To further validate these results, they also used the AudioSet benchmark where they used the same pre-training hyper-parameters as before while increasing $K$ to $12$ and training for fewer steps ($200k$) with bigger batch size ($94.5\ mins$). Also, they applied DeepNorm and layer normalization to stabilize pre-training. Finetuning was done on the balanced subset for $13k$ steps and a batch size of $21.3\ mins$. Results are shown in the following table which shows that data2vec can outperform comparable setups that uses the same pre-training and fine-tuning data:


They pre-trained data2vec on the same pretraining setup of BERT on the Books Corpus and English Wikipedia data using Adam optimizer with a tri-stage learning scheduler according to the following hyper-parameters:

$$bs$$ $$K$$ $$\beta$$ $$\tau_0$$ $$\tau_e$$ $$\tau_n$$ train updates
Base 256 10 4 0.999 0.9999 100k 1M

After pre-training, they fine-tuned the result model on the GLUE benchmarks separately on the labeled data provided by each task.

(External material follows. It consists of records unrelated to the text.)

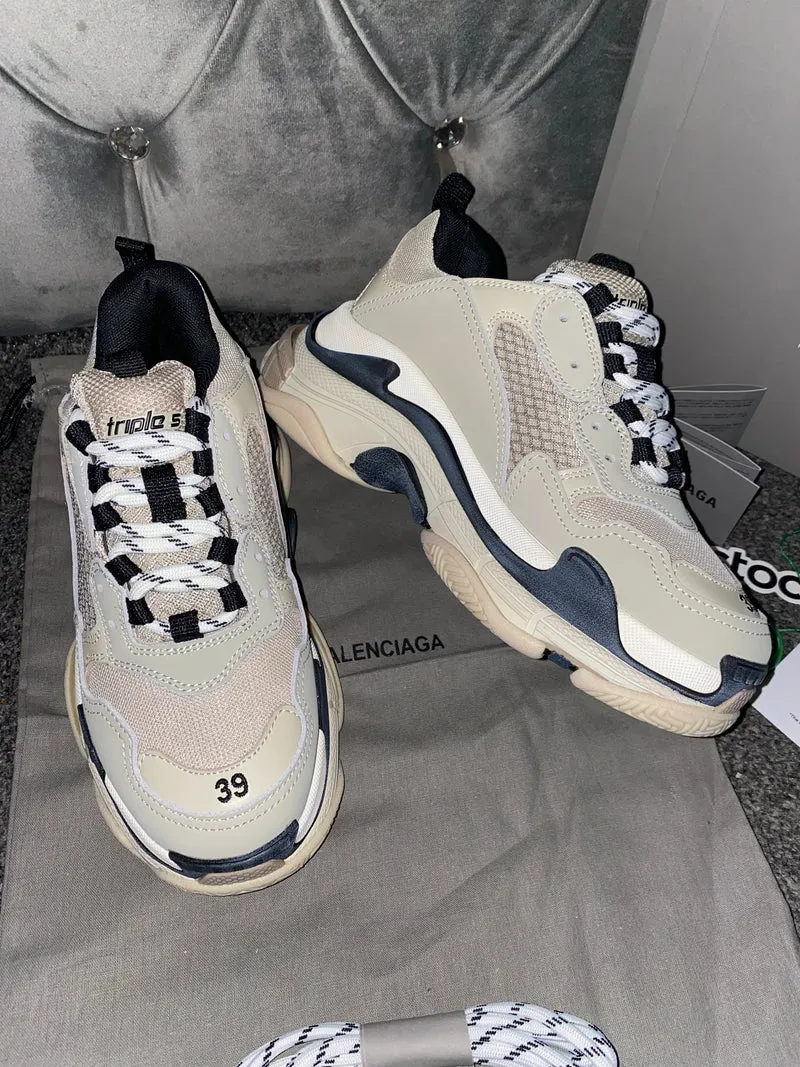 Triple Trainers - Grey & Blue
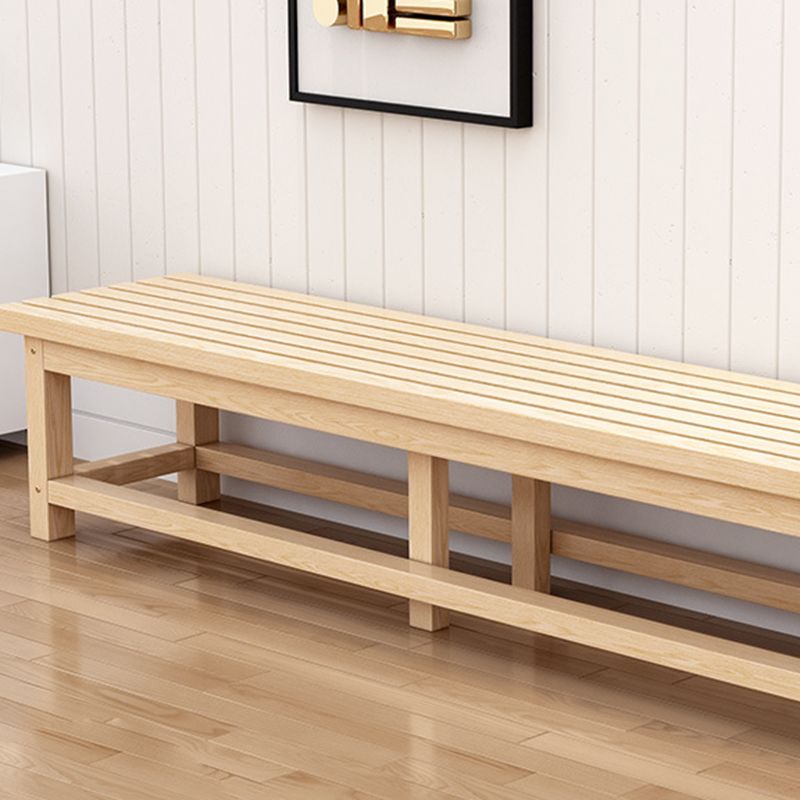 15.7" Wide Modern Entryway and Bedroom Bench Solid Wood Pine Bench Clearhalo 'Benches' 'Chairs & Seating' 'furn' 'furn_benches' 'Furniture' 'Living Room Furniture' 1200x1200_a0390c6b-6855-40ce-8123-5b6361fd420b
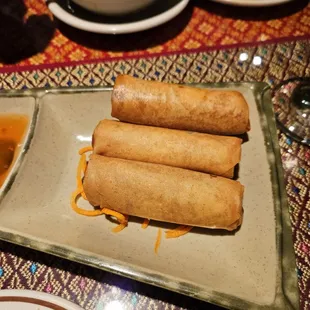 a plate of food on a table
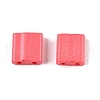 2-Hole Baking Paint Glass Seed Beads SEED-S023-17C-18-3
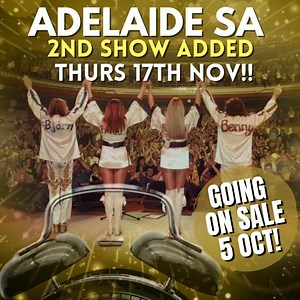 ⏰⏰ ADELAIDE BJORN AGAIN FANS... set your alarms!! ⏰⏰ We are adding a 2nd show at Festival Theatre! 17th NOV 2022 ⏰⏰ 𝐓𝐡𝐞 𝐬𝐡𝐨𝐰 𝐢𝐬 𝐠𝐨𝐢𝐧𝐠 𝐨𝐧 𝐬𝐚𝐥𝐞 𝟓𝐭𝐡 𝐎𝐂𝐓!! Limited tickets will be available - so RING RING your fellow DANCING QUEENS and make sure you don't miss out! 𝐓𝐈𝐂𝐊𝐄𝐓𝐒 𝐕𝐈𝐀 𝐓𝐈𝐂𝐊𝐄𝐓𝐄𝐊 𝐨𝐫 𝐯𝐞𝐧𝐮𝐞 𝐰𝐞𝐛𝐬𝐢𝐭𝐞 https://www.adelaidefestivalcentre.com.au/whats-on/mamma-mia-here-we-go-again-2022-tour?dateId=18-11-2022&performanceId=EAFT2022938BA | Bjorn 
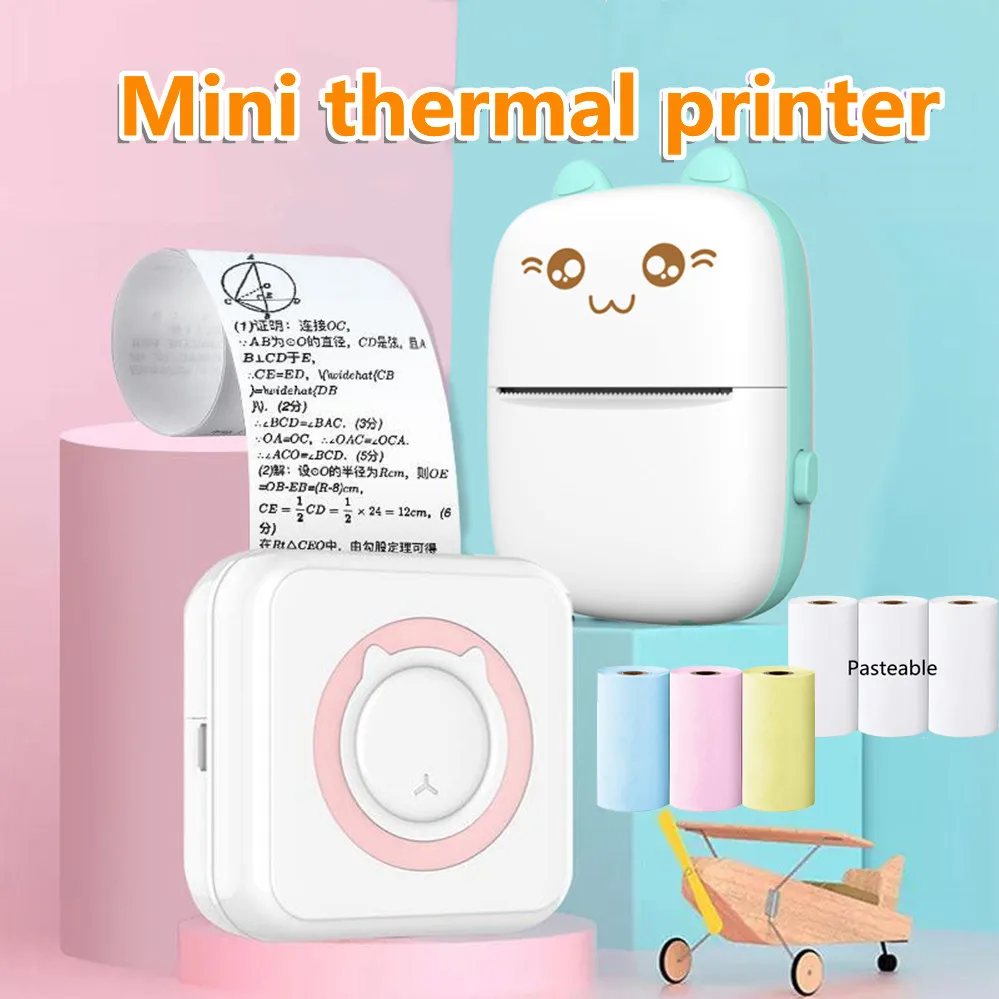 

Многостильный портативный термальный принт, беспроводной карманный принтер без чернил, записная книжка, портативная наклейка, 57 мм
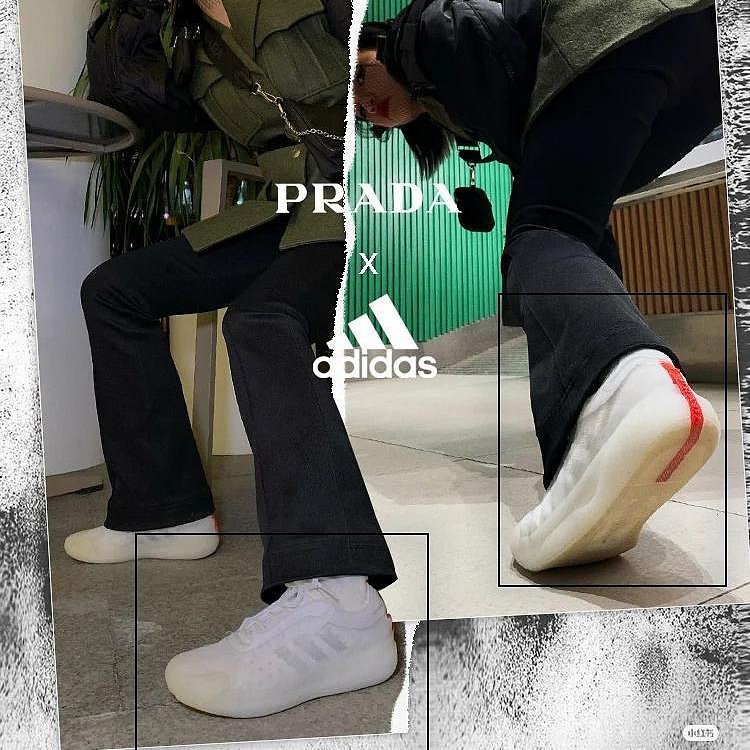 💎Han's house精品服飾💎Prada 聯名 adidas 鞋 現貨 UK 8 ~10 原價19000-9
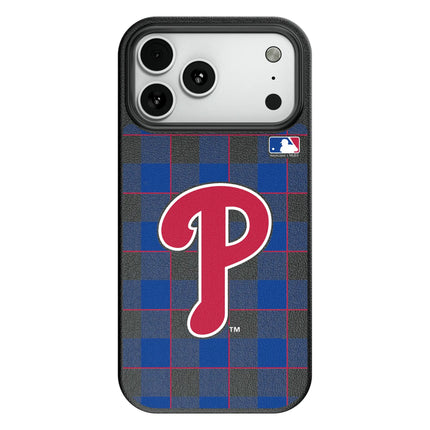 Philadelphia Phillies Plaid MagSafe Compatible Phone Case for Apple iPhone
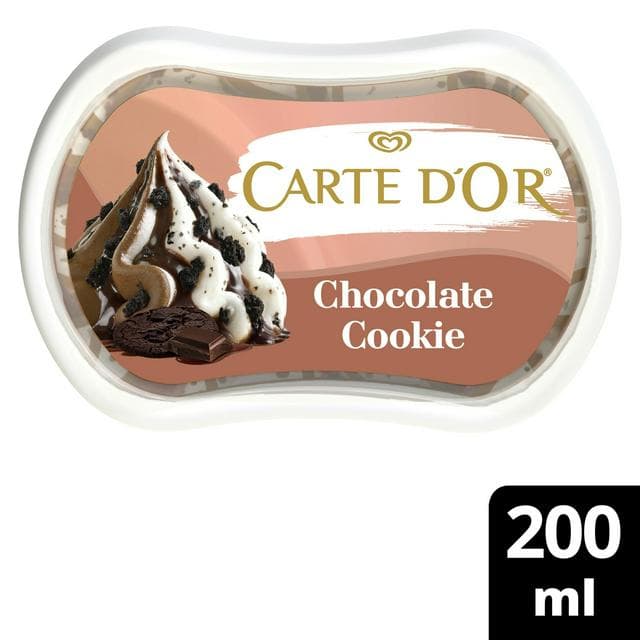 Carte D'or 200ml Mini Indulgence Chocolate Cookie Ice Cream Tub - gallery image 1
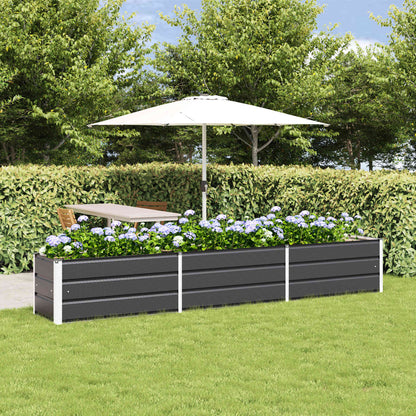 vidaXL Planter Anthracite 290 x 50 x 45 cm Galvanised Steel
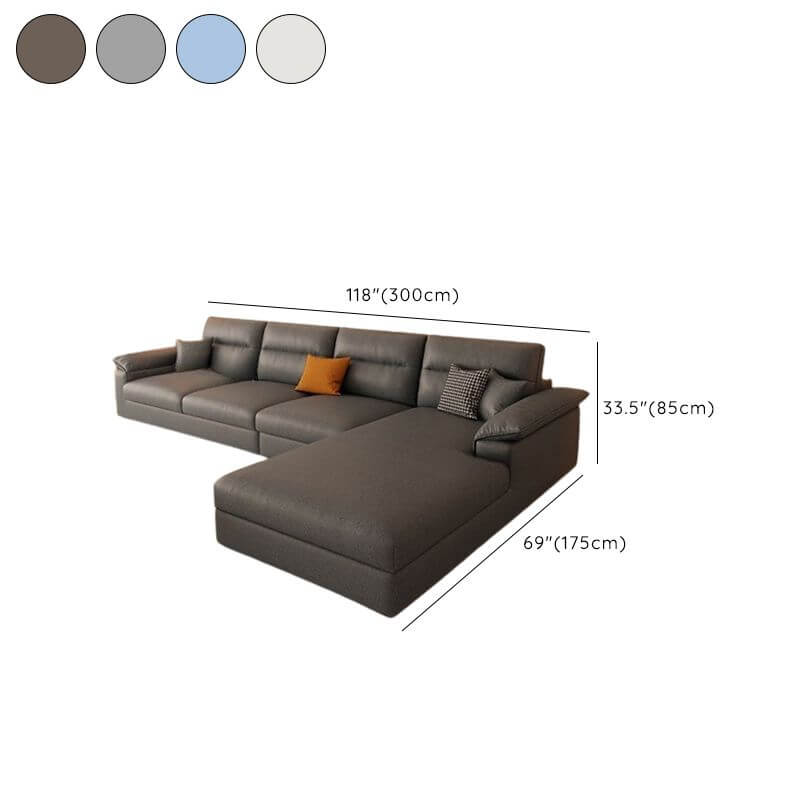 Sofa in a cozy corner setup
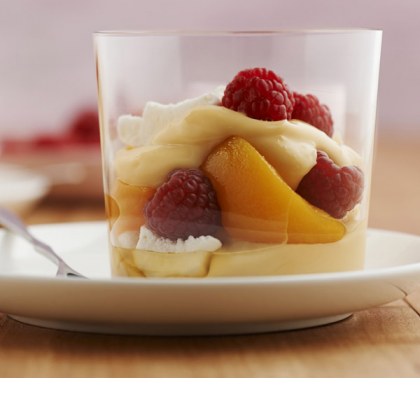 Peach and Raspberry Eton Mess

The average accuracy on the development sets over fine fine-tuning runs are reported below:

The previous table shows that data2vec outperforms RoBERTa baseline and its performance is improved once using the wav2vec 2.0 masking that spans four tokens.


To examine the impact of different components about data2vec, authors have performed multiple ablation studies as we are going to see next:

  • Top-K layers:
    They measured the performance across all three modalities when average the top-K layers of the teacher mode that are used to create the training targets for the student model. For faster training, they used the data2vec base model. Results are shown in the following figure where we can see that “speech” needs more averaging deeper layers unlike “NLP” and “Vision”.
  • Masked Ratio:
    They measures the effect of masked ratio on the performance. So, they masked all but a fraction of the data when constructing the target representations in the teacher for pre-training and report downstream performance for speech and vision.